History of Cyprus

History of Cyprus

The name ‘Cyprus’ of the third largest island in the Mediterranean after Sardinia and Sicily comes, arguably, from the word ‘copper’, of which there was, and possibly still is, an abundance on the island. The island of Cyprus has had a tumultuous history, it’s strategic location on the crossroads of East and West has always caused invasions, conquests, and strife for her inhabitants. Before its annexation to Rome in 58 BC, Phoenicians, Achaeans, Assyrians, Egyptians, and Persians colonized Cyprus. However, the first inhabitants of the island date back much further: they are proved to have settled on the island around 7000BC.

A major part of the population of Cyprus accepted Christianity around 43 AD, and some three hundred years later, Cyprus came under the rule of the Byzantine Empire, following the division of the Roman Empire. The Byzantine rule over Cyprus lasted until 1192, when Richard Lionheart took possession of the island as a revenge for the misbehavior by the rulers of Cyprus towards his fleet which she was on its way to the Third Crusade. After marrying Berengaria of Navarre in Cyprus, where she was crowned the Queen of England, Richard sold the island to the Knight Templars, who soon after it to Guy de Lusignan, the deposed King of Jerusalem. That marked the beginning of the Lusignan (Frsnkish) Period in Cyprus, during which the island was ruled on the feudal system, and the population was under severe suppression. The Lusignan Era ended when Queen Cornaro ceded Cyprus to Venice, in 1489. Venetians viewed the island as the last bastion against the Ottoman Empire in the Eastern Mediterranean, so they left mark on Cyprus by destroying many palaces and buildings in order to suffound the major cities with fortified walls, which at the time were considered works of art of military architecture. Although the Ottoman army captured almost all of Cyprus in 1570, with the help of there walls, the Venetians managed to hold their posts in Famagusta, where the Ottoman siege of the city lasted for more than a year, until late 1571.

The Ottoman Period in Cyprus lasted for more than three hundred years, during which the Ottoman population of Cyprus originally gained its own Cypriot identity, bringing to existence two communities in Cyprus instead of one; Turkish Cypriot and Greek Cypriot.

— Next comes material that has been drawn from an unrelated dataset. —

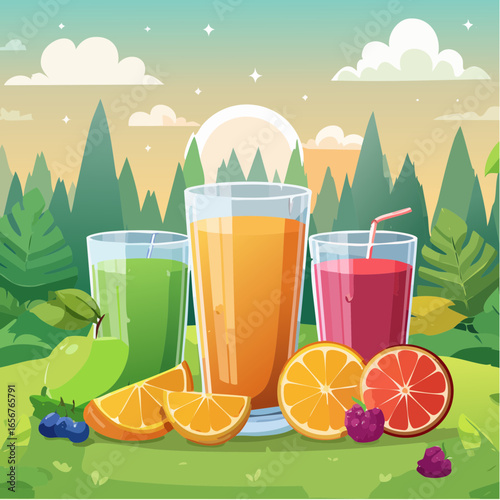 Fresh fruit juices in glasses, surrounded by colorful fruits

In 1878, under the Cyprus Convention, the Ottoman Empire let Britain assume the administration of Cyprus in return for military support against Russia. In 1814, Britain annexed the island as the Ottoman joined the First World War on Germany’s side. In 1925, Cyprus was declared Crown Colony. In the early 1950s, the Greek Cypriot population of Cyprus, in order to reach their goal of ‘Enosis’ (union with Greece) formed an underground combat organization called ‘EOKA’ to fight the British of the island, ignoring the needs and wants of the Turkish Cypriot population. Soon, the fight the Greek Cypriot towards the British turned into a more complicated and much more violent civil war between Greek and Turkish Cypriots. Even though the independent Republic of Cyprus was established in 1960, when the Greek Cypriot president of Cyprus attempted to make several amendments to the Constitution in 1963, injuring the already limited rights of the Turkish Cypriots, the young republic ceased to function. Turkish Cypriots withdrew from the government, and were also forced to flee many villages, coming to live in guarded enclaves around the island. Sporadic fighting lasted until 1967, yet Turkish Cypriots continued to be confined to a number of enclaves occupying a mere 3% of the island. In 1974, following a Greek coup d’etat against the President (Archbishop Makarios) of Cyprus, Turkey intervened in order to restore peace on the island, using its right to guarantee according to the 1960 Cyprus Constitution.

Since then, Cyprus has remained divided into two autonomous states. The Turkish Cypriot population, most of whom had been forced to flee between 1963-1974, definitively moved to the North, whereas the Greek Cypriot fled to the South as a result of the Turkish Peace Operation. In 1983, the Turkish Republic of Northern Cyprus was established, a democratic and secular republic state based on the social justice and the rule of law. The boundary know as the ‘Green Line’, which runs through Nicosia, the capital of both the North and the South, still separates the two states and the two communities. Negotiation for a definite resolution are still going on under the supervision of the UN.